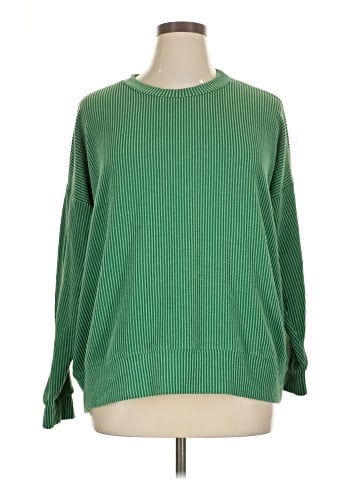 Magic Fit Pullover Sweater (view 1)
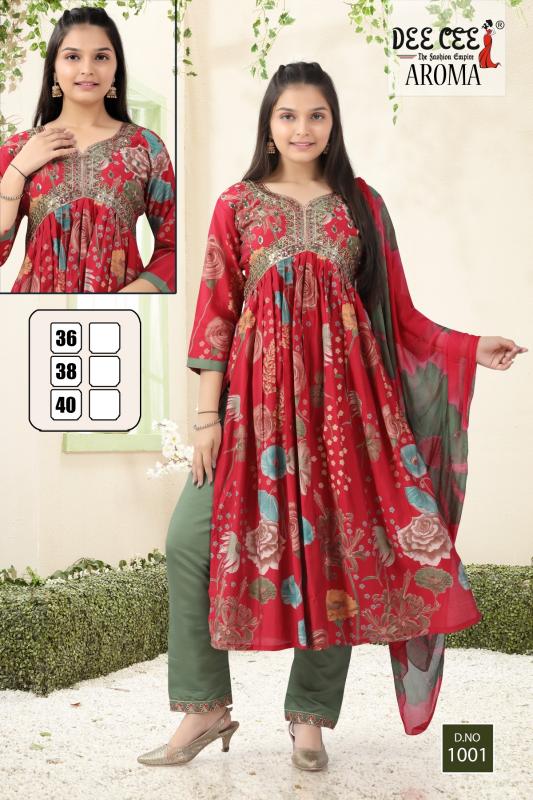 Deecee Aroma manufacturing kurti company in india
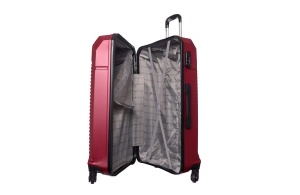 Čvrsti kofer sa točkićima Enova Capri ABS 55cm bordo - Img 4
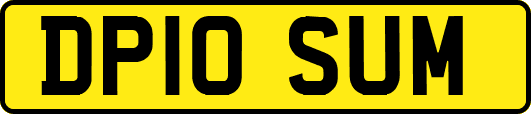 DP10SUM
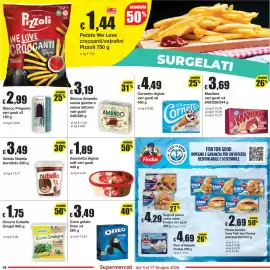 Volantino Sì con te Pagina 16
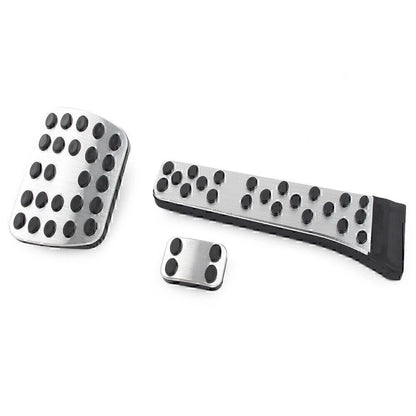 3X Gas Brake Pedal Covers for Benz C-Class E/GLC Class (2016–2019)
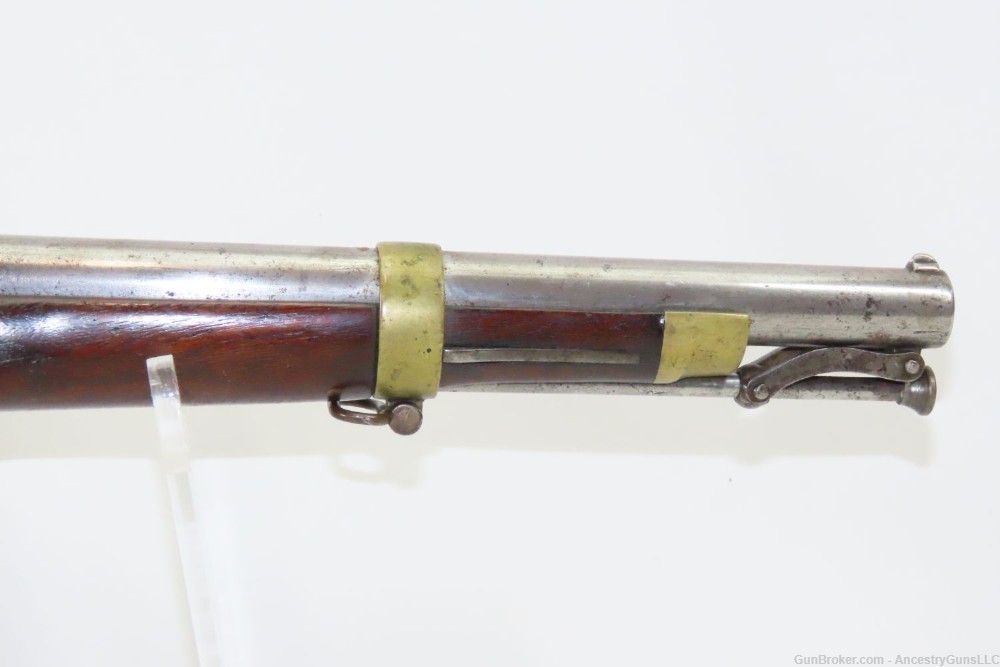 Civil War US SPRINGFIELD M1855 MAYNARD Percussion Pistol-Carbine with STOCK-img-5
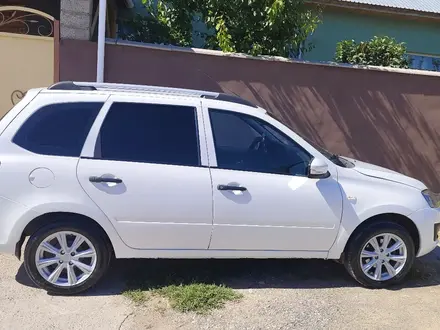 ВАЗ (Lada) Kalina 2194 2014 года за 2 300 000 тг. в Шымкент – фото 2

...

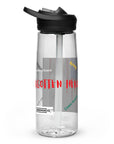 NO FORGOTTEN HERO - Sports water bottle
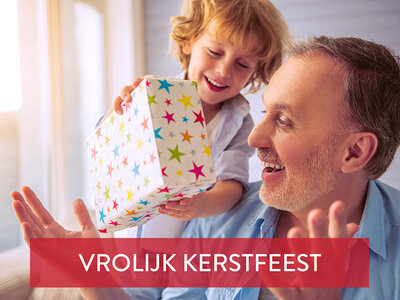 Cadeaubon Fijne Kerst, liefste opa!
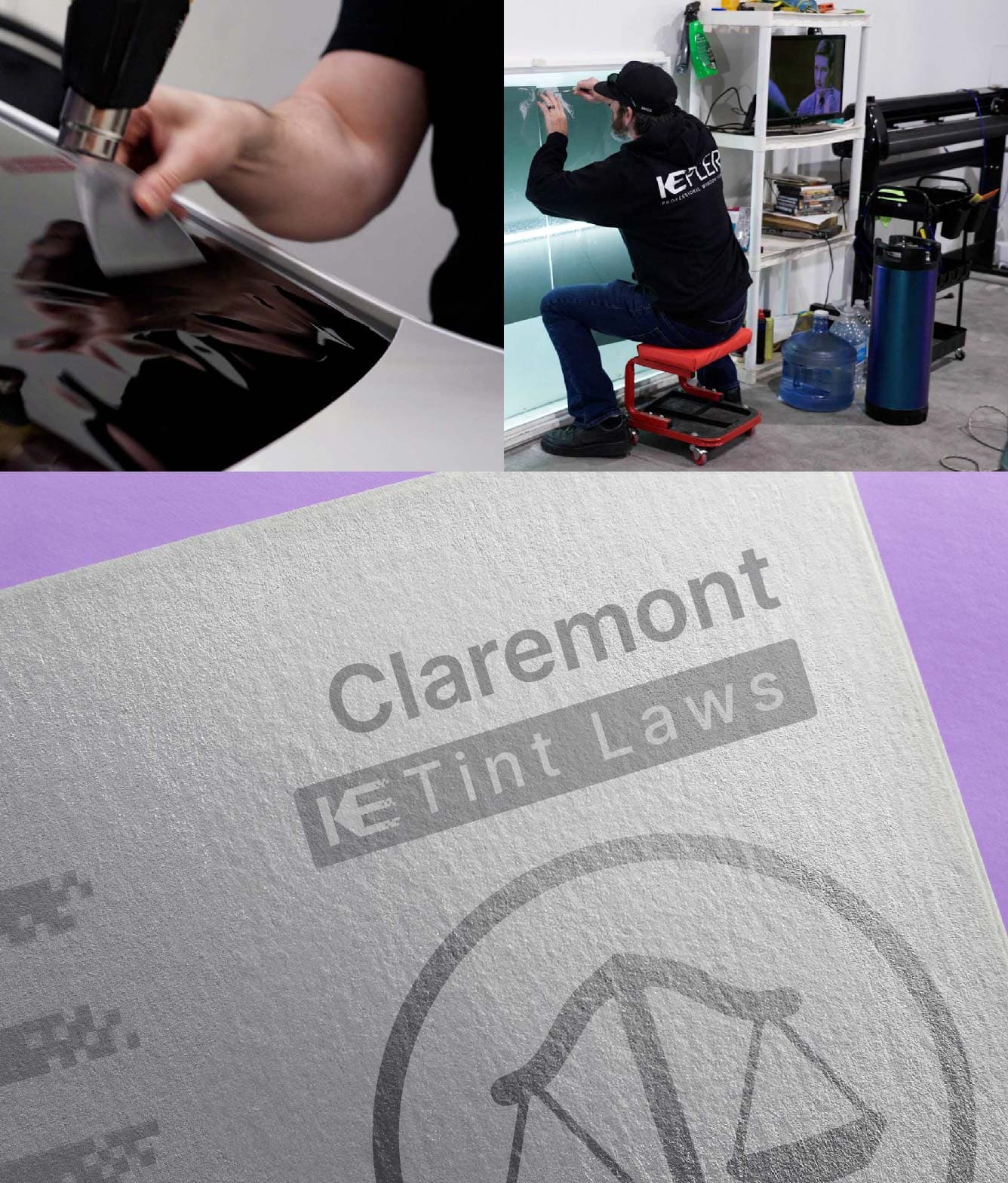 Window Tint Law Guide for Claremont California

---

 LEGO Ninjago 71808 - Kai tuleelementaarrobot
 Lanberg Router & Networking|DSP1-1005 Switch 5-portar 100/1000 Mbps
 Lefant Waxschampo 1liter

→ **Work instructions**
Skip every picture, and restate word for word only the lines above from the line containing "3X Gas Brake" to the line containing "ВАЗ (Lada) Kalina", both of them included.

→ **Result below**
 3X Gas Brake Pedal Covers for Benz C-Class E/GLC Class (2016–2019)
 Civil War US SPRINGFIELD M1855 MAYNARD Percussion Pistol-Carbine with STOCK-img-5
 ВАЗ (Lada) Kalina 2194 2014 года за 2 300 000 тг. в Шымкент – фото 2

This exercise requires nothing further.